The annual increase in the population of a town is 10%. If the present population of the town is 180000, then what will be its population after two years ?

To find the population of the town after two years with an annual increase of 10%, we can use the formula for compound interest, which is also applicable for population growth.

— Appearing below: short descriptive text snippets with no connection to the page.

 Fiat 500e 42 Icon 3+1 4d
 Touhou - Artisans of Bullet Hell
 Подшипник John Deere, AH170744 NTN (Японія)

The formula is: \[ A = P \left(1 + \frac{R}{100}\right)^N \] Where: - \( A \) = the amount (or population after N years) - \( P \) = the present population - \( R \) = the rate of increase (in percentage) - \( N \) = the number of years ### Step-by-step Solution: 1. **Identify the given values:** - Present population \( P = 180,000 \) - Rate of increase \( R = 10\% \) - Time \( N = 2 \) years 2. **Convert the rate of increase into decimal form:** \[ R = \frac{10}{100} = 0.10 \] 3. **Substitute the values into the formula:** \[ A = 180,000 \left(1 + 0.10\right)^2 \] 4. **Calculate \( 1 + 0.10 \):** \[ 1 + 0.10 = 1.10 \] 5. **Raise \( 1.10 \) to the power of 2:** \[ (1.10)^2 = 1.21 \] 6. **Multiply the present population by \( 1.21 \):** \[ A = 180,000 \times 1.21 \] 7. **Calculate \( 180,000 \times 1.21 \):** \[ A = 217,800 \] 8. **Final Answer:** The population after 2 years will be **217,800**.